First of all, lost functions in all or most of species are commonly enriched with development, such as multicellular organismal development (GO:0007275, FDR-corrected p-value = 0.000017 in brachypodium, FDR-corrected p-value = 0.00095 in rice, FDR-corrected p-value = 0.013 in sorghum and FDR-corrected p-value = 0.0070 in maize) and post-embryonic development (GO:0009791, FDR-corrected p-value = 0.00013 in brachypodium, FDR-corrected p-value = 0.012 in sorghum and FDR-corrected p-value = 0.00065 in maize). Detailed inspection showed that most of lost genes annotated as multicellular organismal development and post-embryonic development were associated with reproductive process, such as vegetative to reproductive phase transition of meristem (GO:0010228), embryo development ending in seed dormancy (GO:0009793), seed dormancy process (GO:0010162) and seed germination (GO:0009845). In addition to development, lost functions in most of species are also commonly enriched with response to endogenous stimulus (GO:0009719, FDR-corrected p-value = 0.0037 in brachypodium, FDR-corrected p-value = 0.0049 in rice and FDR-corrected p-value = 0.0060 in maize). Further inspection showed most of this kind of lost genes involved in response to varieties of hormones (i.e. auxin, gibberellin, cytokinin, abscisic acid, ethylene, jasmonic acid and brassinosteroid) and chitin.
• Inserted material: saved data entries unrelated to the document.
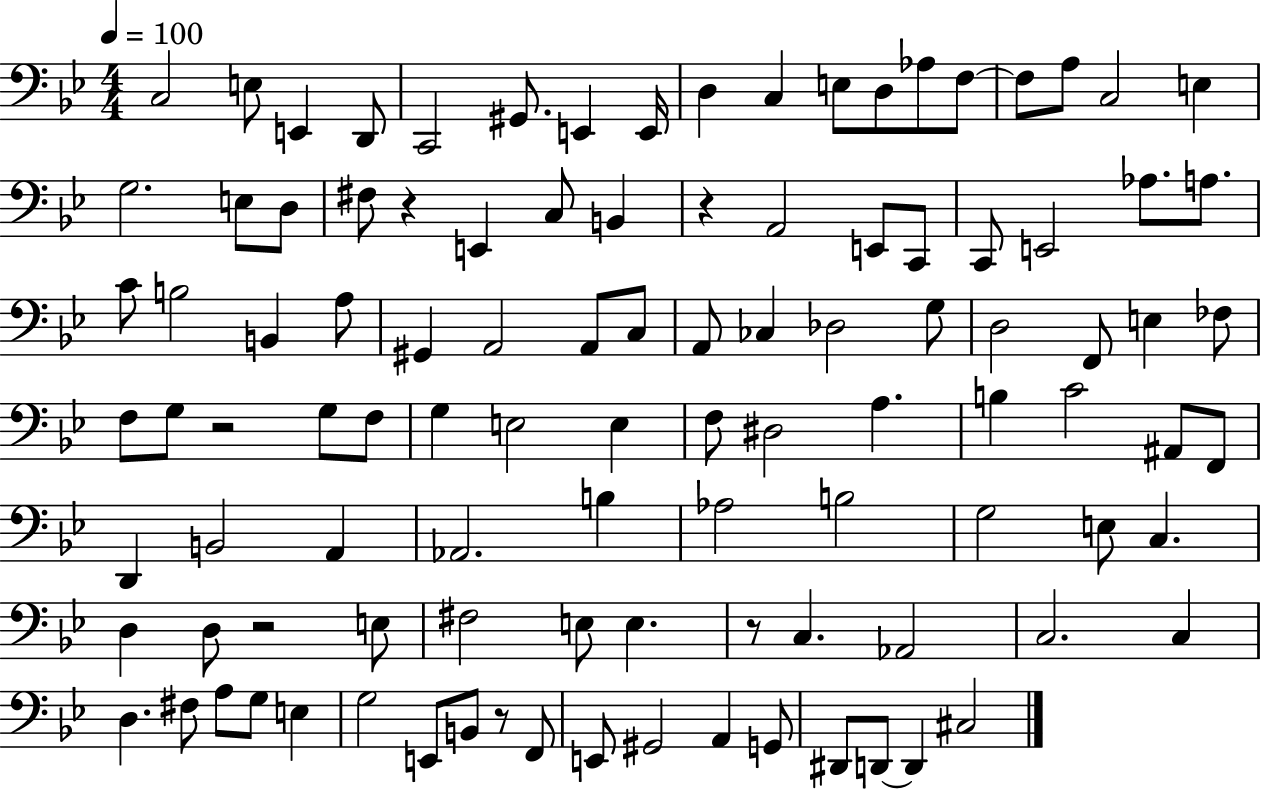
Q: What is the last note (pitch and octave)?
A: C#3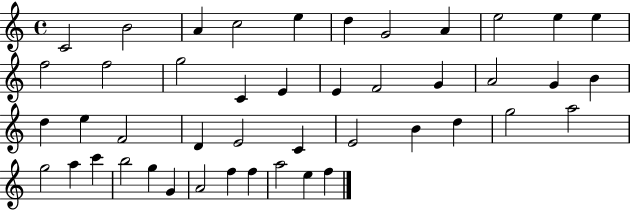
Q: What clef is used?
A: treble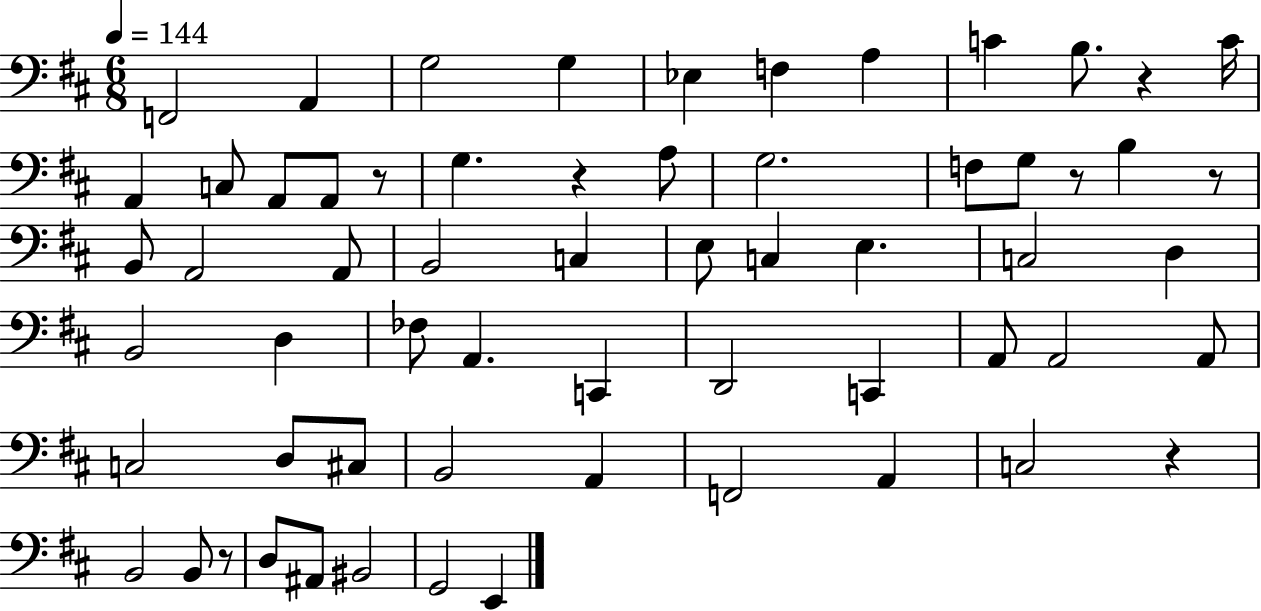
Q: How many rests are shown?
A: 7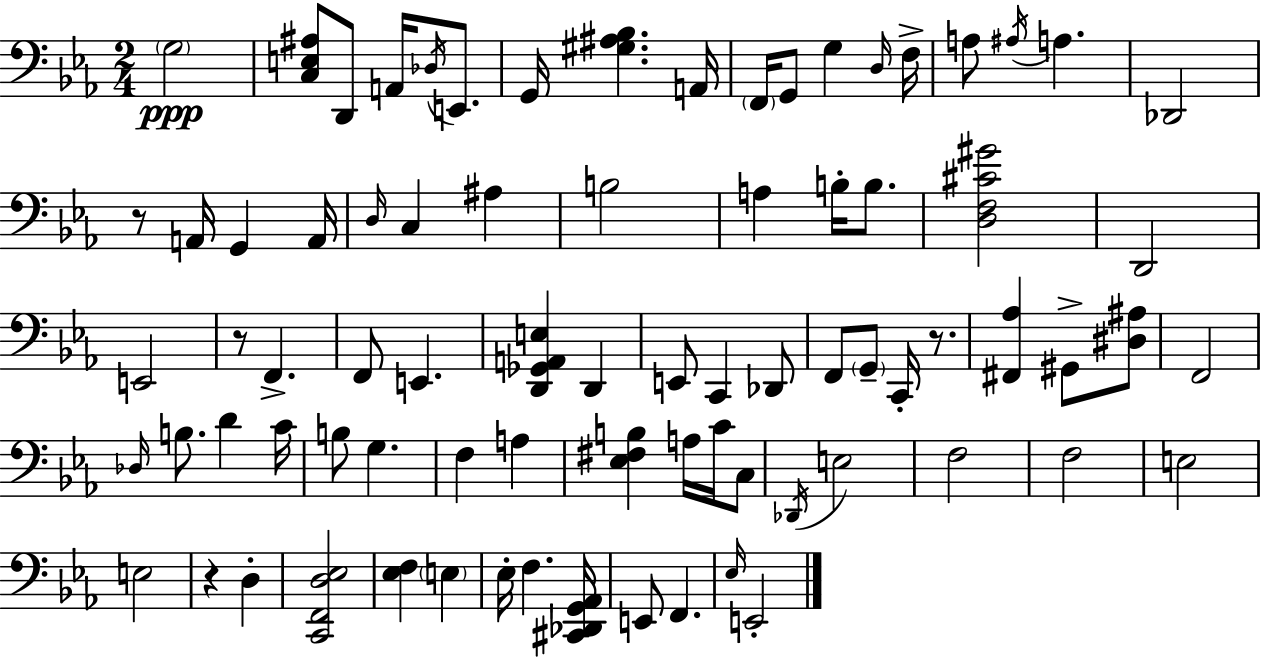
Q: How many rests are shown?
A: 4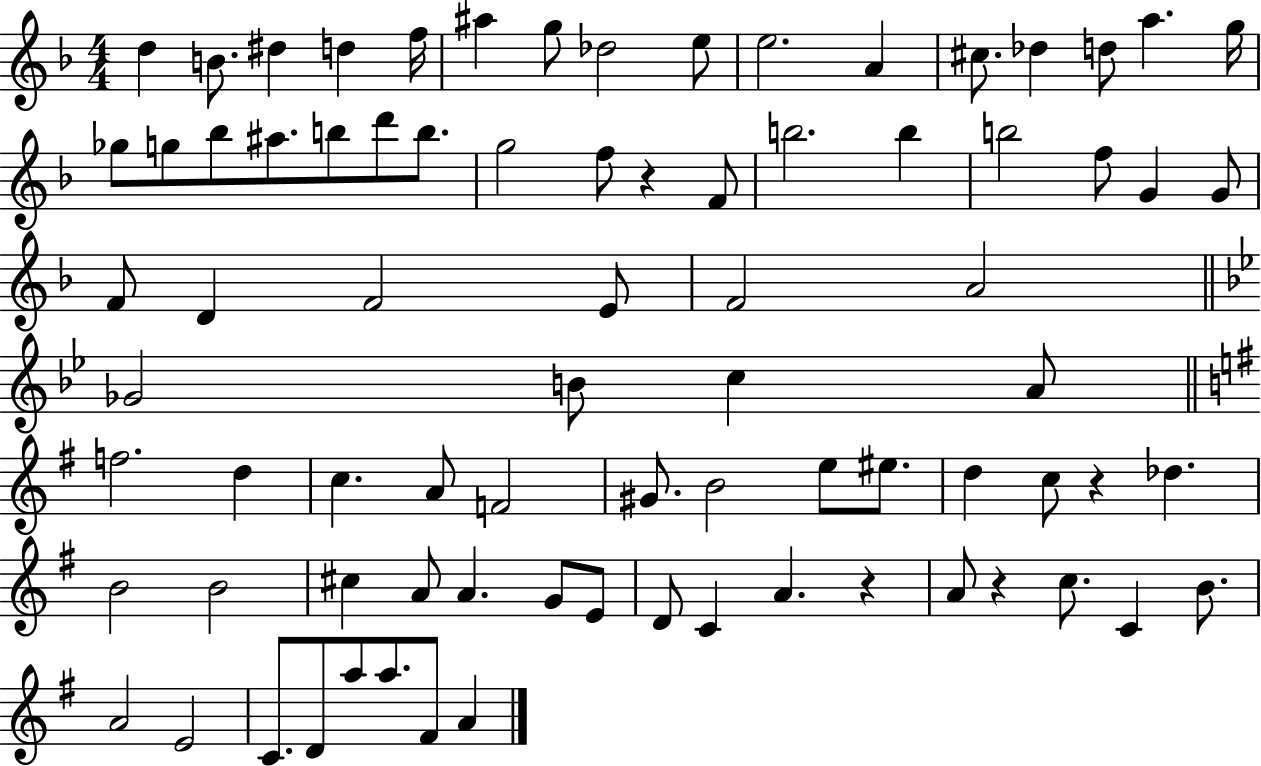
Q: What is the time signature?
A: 4/4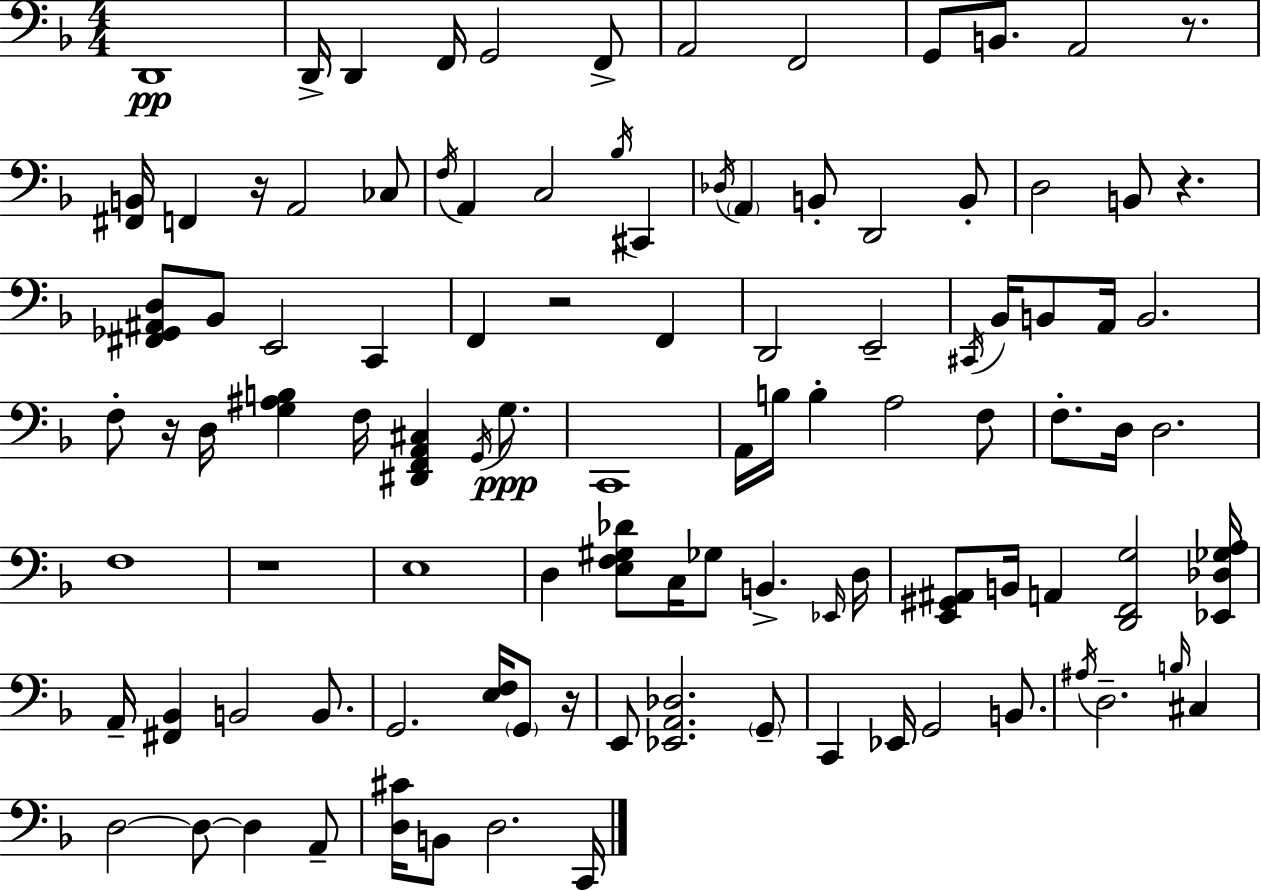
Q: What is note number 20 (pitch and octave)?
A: Db3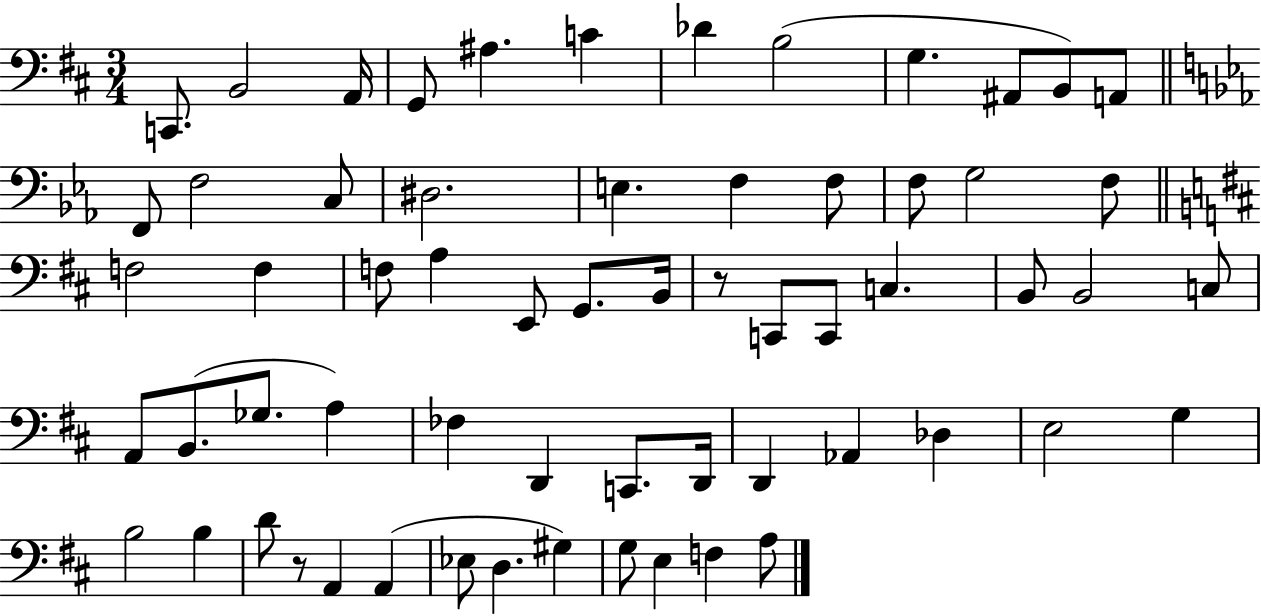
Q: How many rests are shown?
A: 2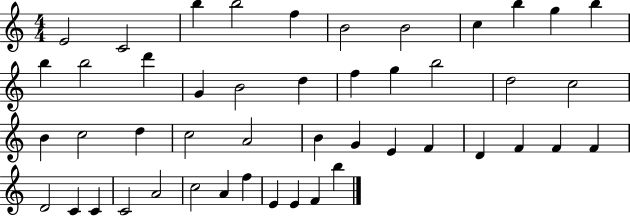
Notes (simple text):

E4/h C4/h B5/q B5/h F5/q B4/h B4/h C5/q B5/q G5/q B5/q B5/q B5/h D6/q G4/q B4/h D5/q F5/q G5/q B5/h D5/h C5/h B4/q C5/h D5/q C5/h A4/h B4/q G4/q E4/q F4/q D4/q F4/q F4/q F4/q D4/h C4/q C4/q C4/h A4/h C5/h A4/q F5/q E4/q E4/q F4/q B5/q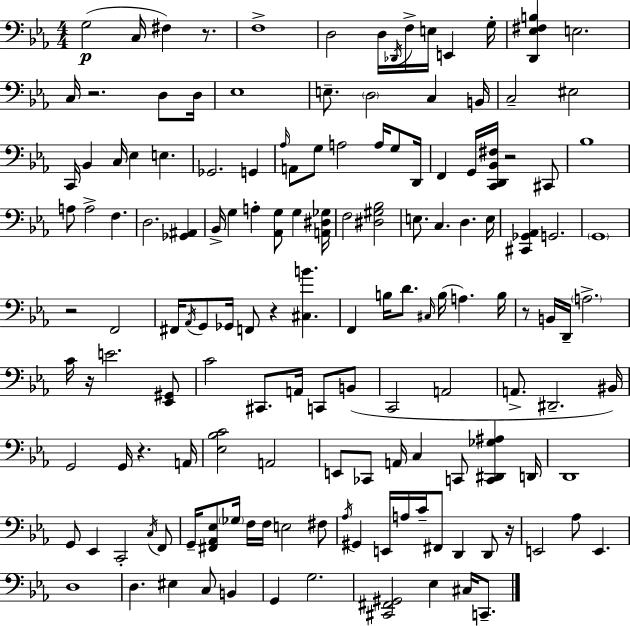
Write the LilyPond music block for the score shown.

{
  \clef bass
  \numericTimeSignature
  \time 4/4
  \key c \minor
  g2(\p c16 fis4) r8. | f1-> | d2 d16 \acciaccatura { des,16 } f16-> e16 e,4 | g16-. <d, ees fis b>4 e2. | \break c16 r2. d8 | d16 ees1 | e8.-- \parenthesize d2 c4 | b,16 c2-- eis2 | \break c,16 bes,4 c16 ees4 e4. | ges,2. g,4 | \grace { aes16 } a,8 g8 a2 a16 g8 | d,16 f,4 g,16 <c, d, bes, fis>16 r2 | \break cis,8 bes1 | a8 a2-> f4. | d2. <ges, ais,>4 | bes,16-> g4 a4-. <aes, g>8 g4 | \break <a, dis ges>16 f2 <dis gis bes>2 | e8. c4. d4. | e16 <cis, ges, aes,>4 g,2. | \parenthesize g,1 | \break r2 f,2 | fis,16 \acciaccatura { aes,16 } g,8 ges,16 f,8 r4 <cis b'>4. | f,4 b16 d'8. \grace { cis16 }( b16 a4.) | b16 r8 b,16 d,16-- \parenthesize a2.-> | \break c'16 r16 e'2. | <ees, gis,>8 c'2 cis,8. a,16 | c,8 b,8( c,2 a,2 | a,8.-> dis,2.-- | \break bis,16) g,2 g,16 r4. | a,16 <ees bes c'>2 a,2 | e,8 ces,8 a,16 c4 c,8 <c, dis, ges ais>4 | d,16 d,1 | \break g,8 ees,4 c,2-. | \acciaccatura { c16 } f,8 g,16-- <fis, aes, ees>8 \parenthesize ges16 f16 f16 e2 | fis8 \acciaccatura { aes16 } gis,4 e,16 a16 c'16-- fis,8 d,4 | d,8 r16 e,2 aes8 | \break e,4. d1 | d4. eis4 | c8 b,4 g,4 g2. | <cis, fis, gis,>2 ees4 | \break cis16 c,8.-- \bar "|."
}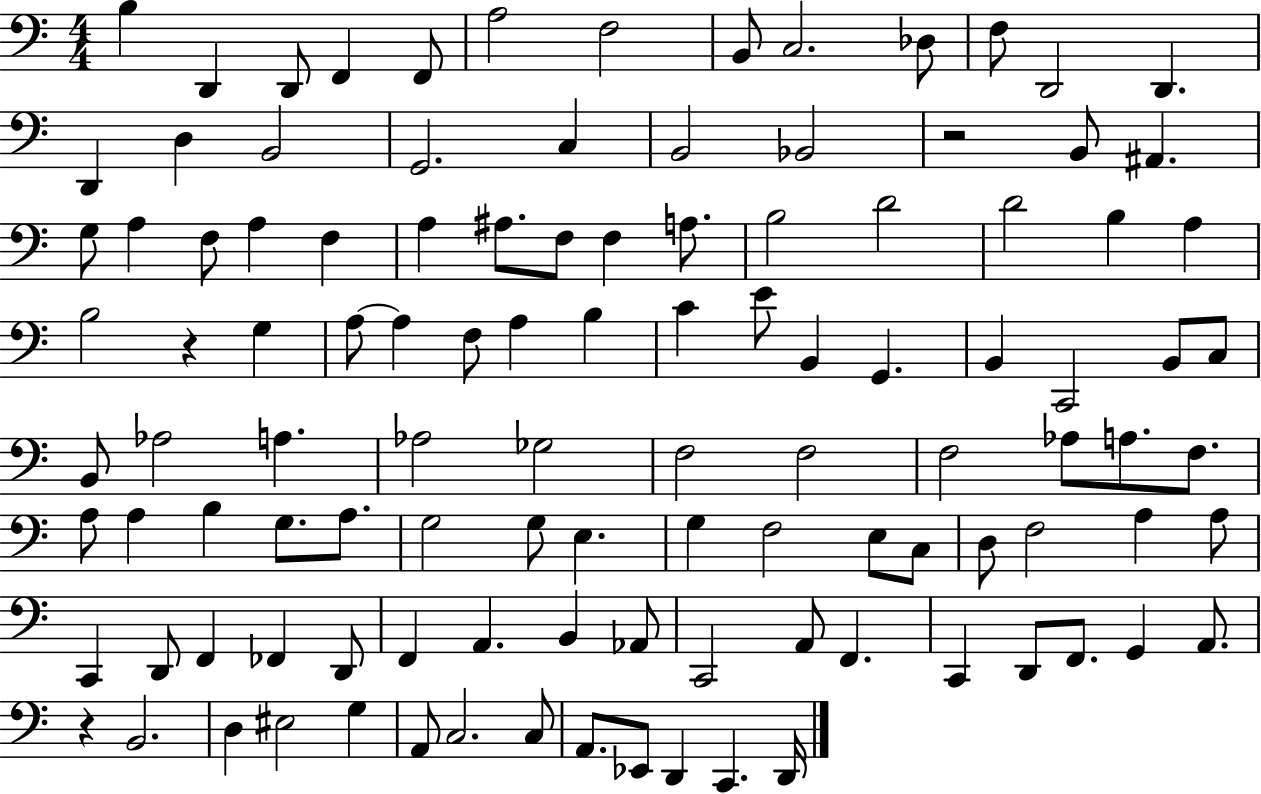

On the other hand, we also found several species-specific functional enrichment for lost genes. The function of sequence-specific DNA binding transcription factor activity (GO:0003700, FDR-corrected p-value = 0.0076) is enriched in lost genes of brachypodium uniquely. By checking the annotation of Arabidopsis thaliana orthologs of this kind of lost genes in plant Transcription Factor Database (PlantTFDB) [20], we found that lost genes encoded transcription factors which are important for development of plant, such as ones in WOX and MYB families. Another species-specific enriched function of lost genes in brachypodium is response to external stimulus (GO:0009605, FDR-corrected p-value = 0.0045). Most of this kind of genes involved in response to environmental stress and phytopathogen, such as anthocyanin accumulation in tissues in response to UV light (GO:0043481), cellular process regulating host cell cycle in response to virus(GO:0060154), defense response to bacterium (GO:0042742) and response to other organism (GO:0051707). Interestingly, genes involved in the carbohydrate metabolic process (GO:0005975) prefer to be lost only in rice genome (FDR-corrected p-value = 0.0035), while transport genes (GO:0006810) are enriched in lost genes of maize (FDR-corrected p-value = 0.0412).

Several relics are still under active transcription

Although relics remaining after unitary gene loss have lost their protein-coding potential and thus cannot function as proteins, studies demonstrated that they may still being transcribed and play other roles in the species at the transcript level, such as non-coding RNAs [21]. To explore this phenomenon in Poaceae, we detected expression signatures for 61 identified relics.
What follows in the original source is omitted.